Using an induction motor as a generator

[paul6050]

I want to use a 10 HP, 230 VAC, single phase induction motor as a generator by turning it faster than synchronous speed while it is connected to the grid. I'm using a 40 HP gasoline engine to turn the motor.

I'm using an induction motor as the generator so the current is automatically synchronous to the grid. I have to use a single phase motor because 3 phase power is not available to me.

I plan on limiting the in-rush current by turning the motor at synchronous speed before supplying current to the run windings. The start windings will be disconnected.

If I do this, I am afraid I'll get a jolt in the motor because when the current is first applied to the main windings, it will try to grab the rotor and act like a brake for a split second until the magnetic fields are established in the rotor.

To prevent this, I am wondering if I applied a low voltage current to the run windings (12 VAC) to establish the magnetic fields in the rotor and then switched to 230 VAC, would I eliminate the jolt?

I have done all my testing using a 4HP engine and a 1hp motor. I don't want to damage my new 10HP motor!

Any thoughts on my ideas or plan?

 

[electricpete]

I don't know the direct answer, but you may be creating problems with that approach.

It is well-known that a normal induction motor which has power removed and quickly re-applied while running may experience extreme torques due to the fact that the motor internal voltage is out-of-phase with the voltage being reapplied.

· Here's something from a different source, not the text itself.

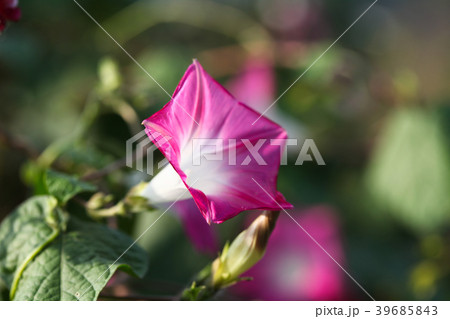 Pink Common Morning Glory flower of asia  39685843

Your self-excited motor may create a similar situation, unless you either: A - Limit the terminal voltage at the motor to <~30% prior to closing (limits vector difference in voltages to 130% which is established threshhold) or B - Use some type of sync check to avoid closing out of phase.

 

[dpc]

My advice would be - don't do it. Induction generators are a pain in the neck, and using a 40 hp generator to drive a 10 hp generator can't be too efficient.

Having said that, I think if you get the motor close to synchronous speed **un-excited**, then connected to the utility source, you should be OK. That is how larger induction machines are generally started - no synchronzing equipment is used.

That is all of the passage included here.